Bei der Prozesssteuerung ist das Verbleiben von Flussmittelrückständen kein kosmetisches Problem – es handelt sich dabei vielmehr um ein Problem, das die Erträge beeinträchtigt. Schon ein einziger kühler Punkt in der Verdampfungszone kann dazu führen, dass das Flussmittel nicht vollständig entfernt wird. Dadurch geraten die Lötperlen aus der richtigen Position, und das Reflow-Profil verändert sich. Wir haben unsere Plattform für die Verdampfung des Flussmittels genau unter Berücksichtigung dieser Realität entwickelt – bei der die thermischen Anforderungen unverhandelbar sind und jedes Wafer wiederholt bearbeitet werden muss.
Was wirklich wichtig ist: Das System verwendet kurzwelliges Infrarotlicht von Quarz-Halogen-Emittern, um die Wafer zu erwärmen. Die geschlossene Regelung sorgt dafür, dass die Temperatur über die gesamte Fläche von 200/300 mm bei ±0,1°C konstant bleibt. Die Reaktionszeit beträgt weniger als eine Sekunde, sodass die Prozessparameter stets korrekt eingestellt bleiben können.
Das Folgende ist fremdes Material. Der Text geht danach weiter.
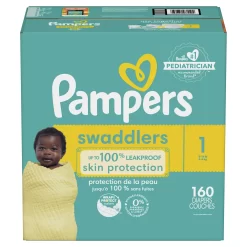 Pampers Swaddlers Newborn Diapers Size 1 160 Count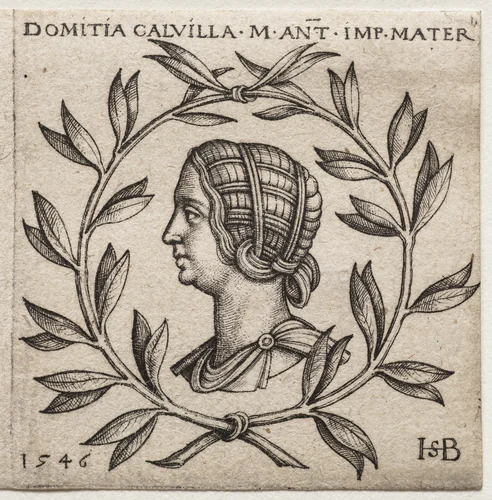Bust of Domitia Calvilla by Hans Sebald Beham, print, 1546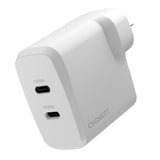 Cygnett PowerPlus 35W Dual Port USB-C PD Fast Wall Charger -White, 2xUSB-C(35W), Best for iPhone,Samsung's PPS & USB-C Devices, 2 Years Warranty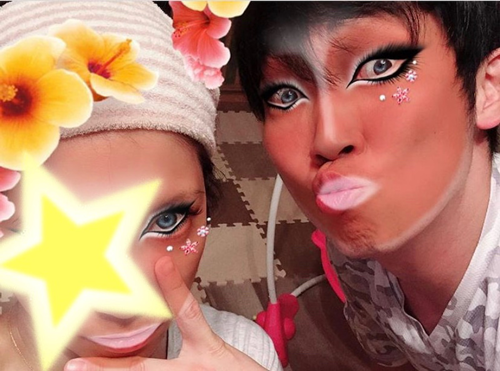 ノンスタ石田 妻との貴重なギャルメイク２shotが話題に Entame Plex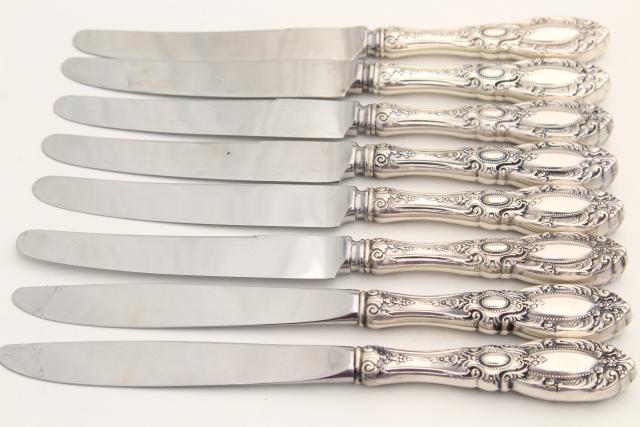 photo of vintage sterling silver flatware, Towle King Richard 1932 service for 8 w/ serving pieces #2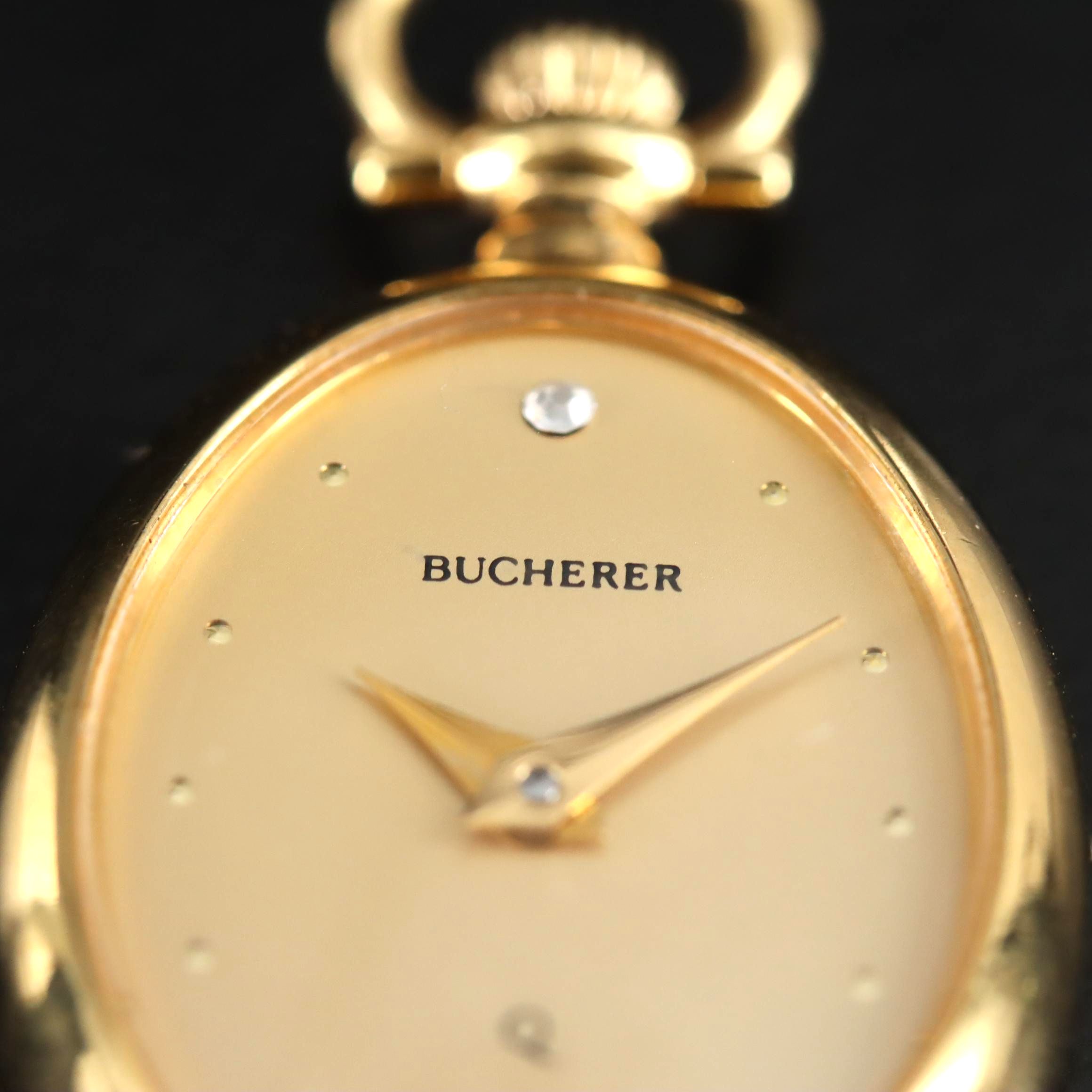 Bucherer Quartz Pendant Watch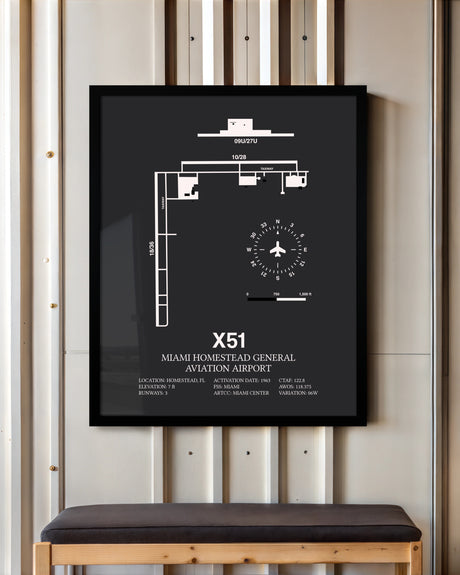 Frame color options for Miami Homestead General Aviation Airport Wall Art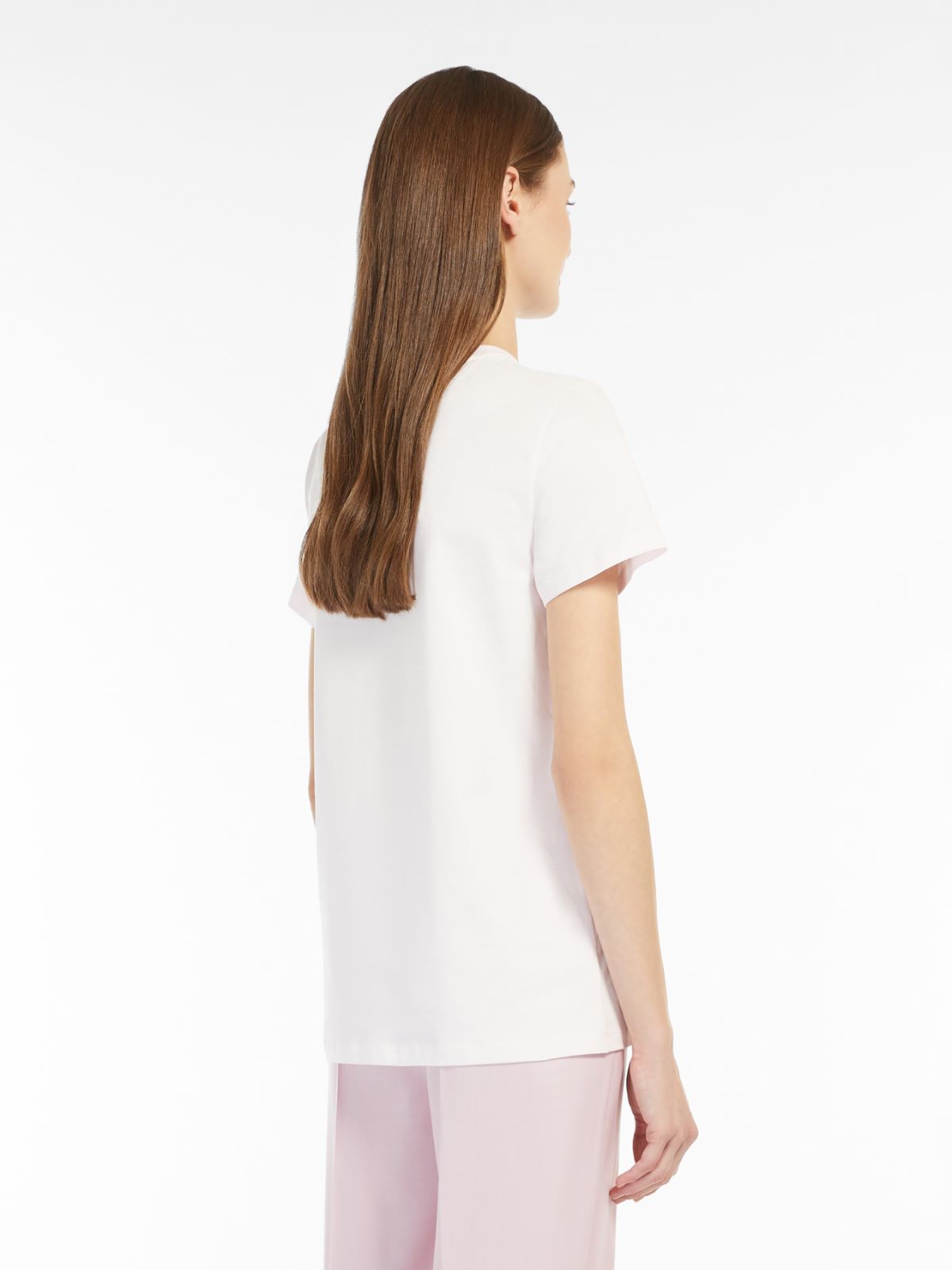 Cotton jersey T-shirt - PINK - Max Mara - 3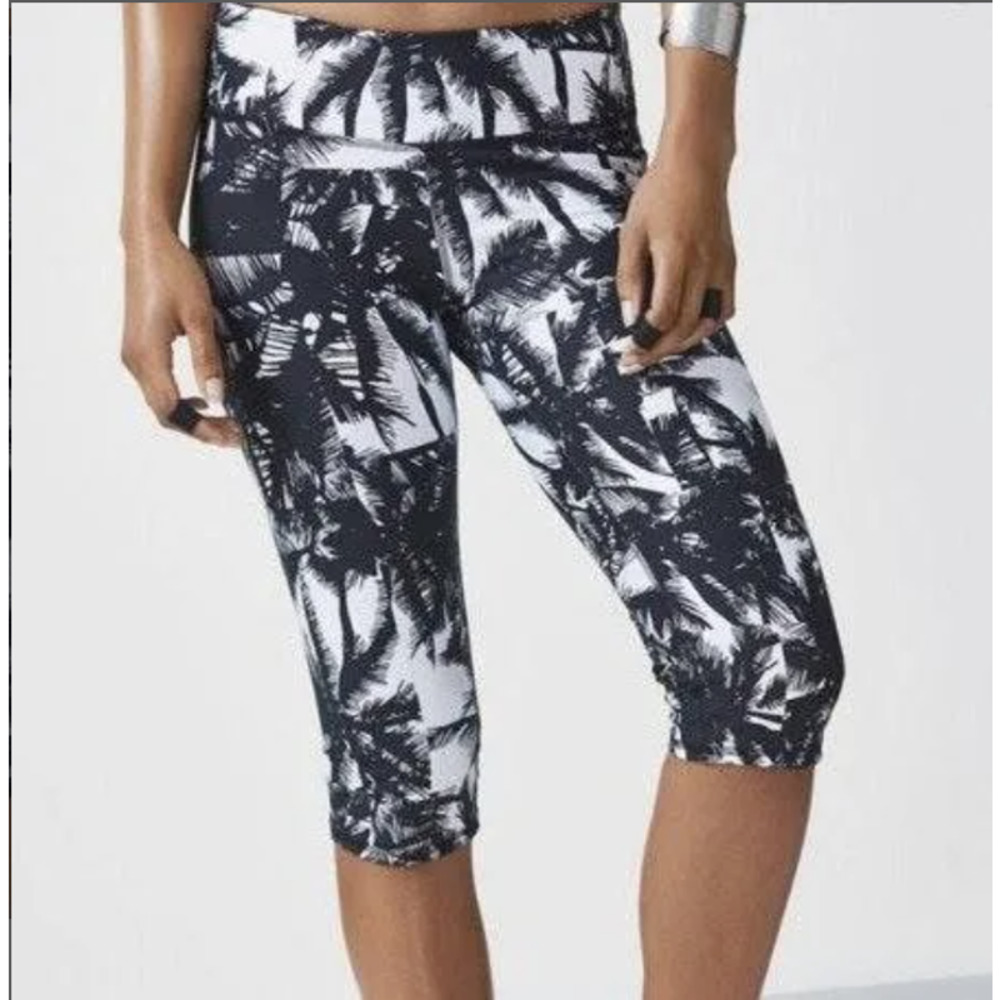 Fabletics Salar Crop Workout Palm Tree Leggings - image 2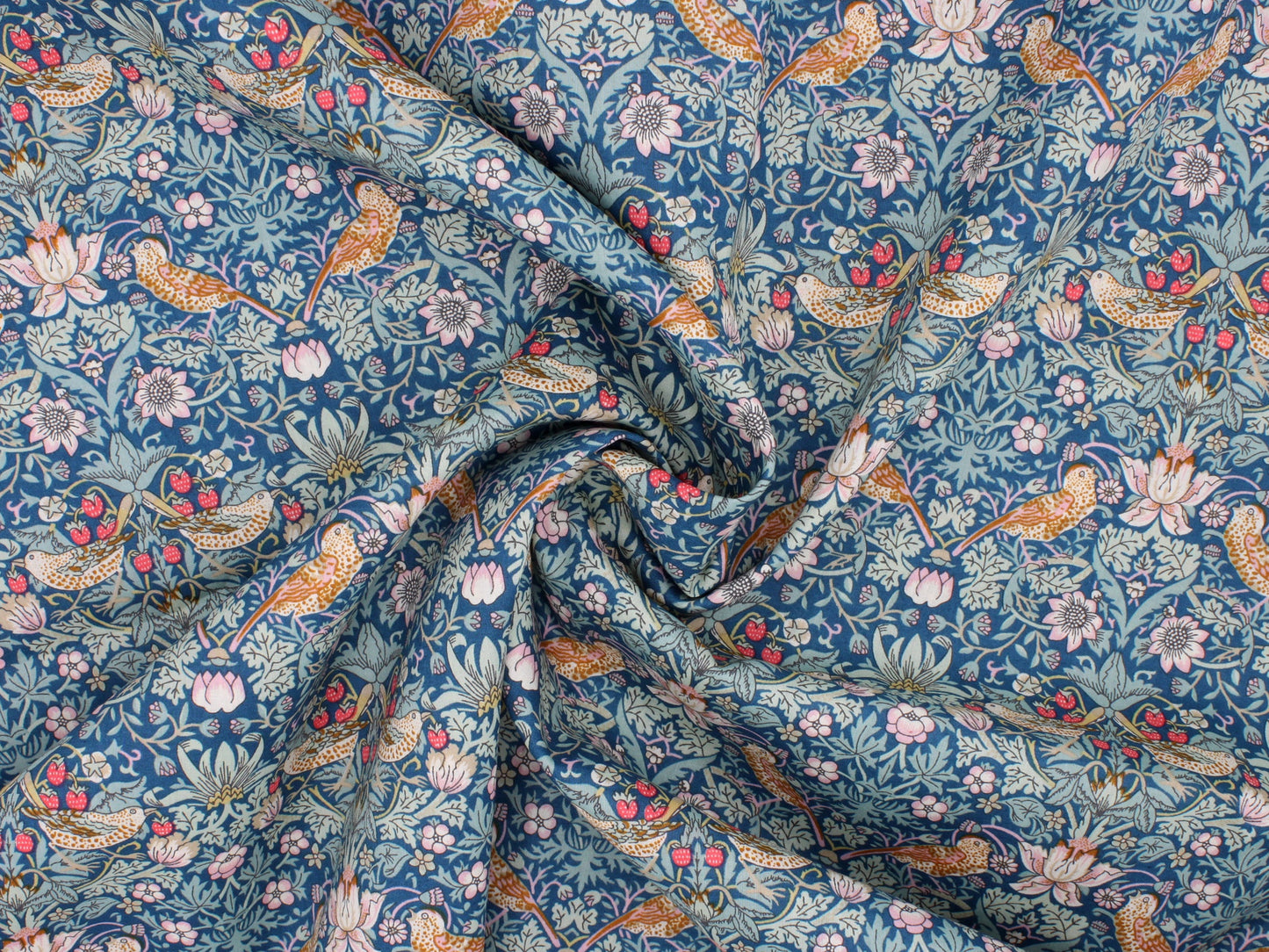 Classic Knot Headband - Liberty Strawberry Thief P Print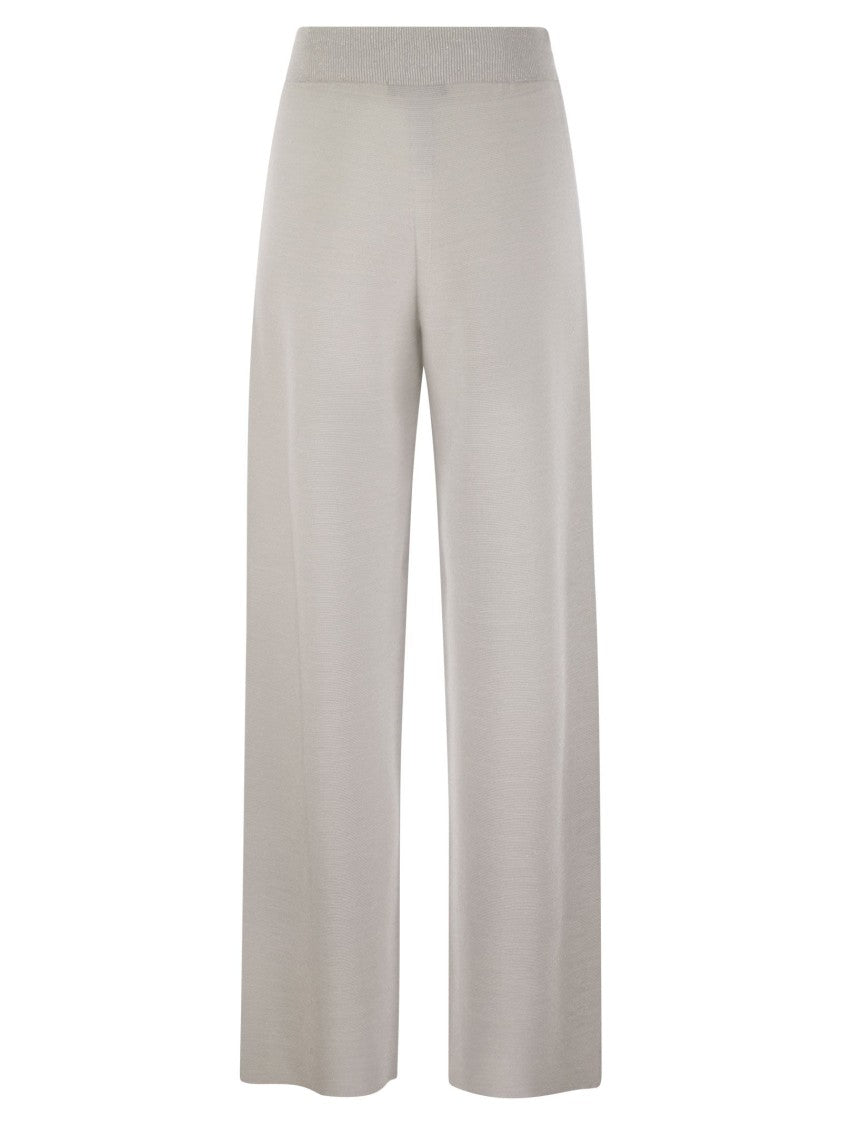 Fabiana Filippi Wide Trousers In Organic Cotton And Lurex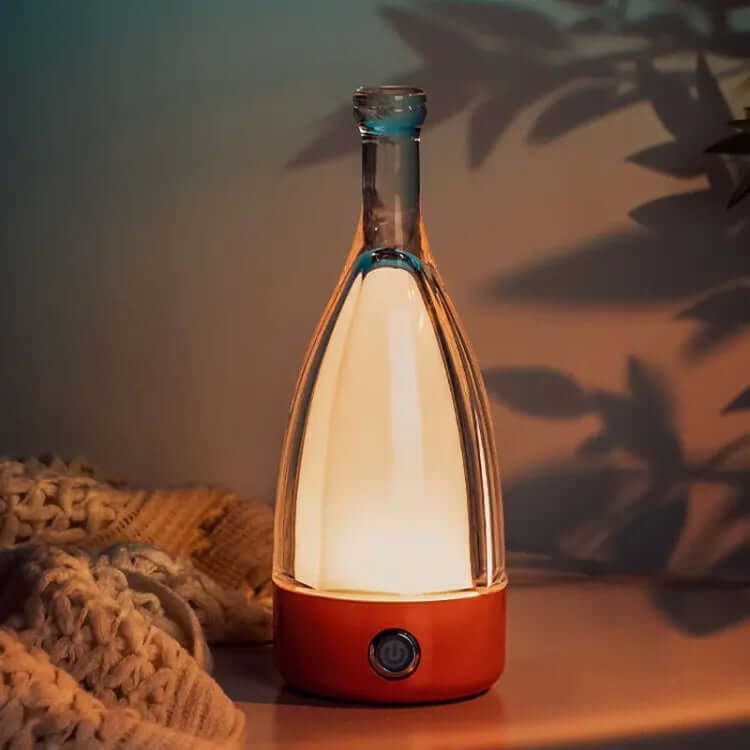 Battery Powered Wine Bottle Table Lamp - Luxivelle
Ein Reinraumstandard von Klasse 1–100 wird durch eine Partikelkontrollierte Architektur gewährleistet: Materialien mit geringer Gasemission, HEPA-Filter sowie glatte Oberflächen ohne Spalten. Die Wiederholgenauigkeit liegt bei ≤0,2% Abweichung vom Setpunkt über 5.000+ Prozessstunden. Zudem integriert die Plattform SECS/GEM zur Erfassung der Prozessparameter auf Linienebene.
Warum das System bei der Waferbearbeitung funktioniert: Die Verdampfung des Flussmittels muss vor dem Aufbringen des Lötzinnens stattfinden – dabei dürfen keine Schichten zurückbleiben, und es darf keine Oxidation stattfinden. Unsere Temperaturstabilität verhindert Risse im Flussmittel sowie Fehler durch kühlere Bereiche. Dadurch wird die Höhe der Lötperlen besser kontrolliert, und die Anzahl der Nachbearbeitungen sinkt. Der Energieverbrauch wird durch pulsierte Steuerung der Emiter sowie zirkulierende Luftströmungen reduziert – dadurch sinken die Kosten pro Wafer, während weiterhin genügend thermischer Spielraum für hohe Produktionsgeschwindigkeiten bleibt. Das Ergebnis: Weniger Ausreißer, vorhersehbare Wartungsfenster sowie konstante Einhaltung der Spezifikationen.
Einige praktische Hinweise: Die Plattform benötigt eine spezielle Stromversorgung mit 208–240 V, drei Phasen sowie eine Druckluftversorgung für den Luftaustauschmodul. Es sollten mindestens 12–16 Zoll Freiraum an allen Seiten vorhanden sein – schließlich ist eine gute thermische Isolation sowie Zugang zur Wartung wichtig. Für die Qualifizierung sollte ein 4-Punkte-Test durchgeführt werden, um die Konstanz des Prozesses zu überprüfen. Nach der Installation ist eine kurze Einlaufphase notwendig, damit die Leistung der Emiter stabilisiert wird und der Regelkreis richtig funktioniert.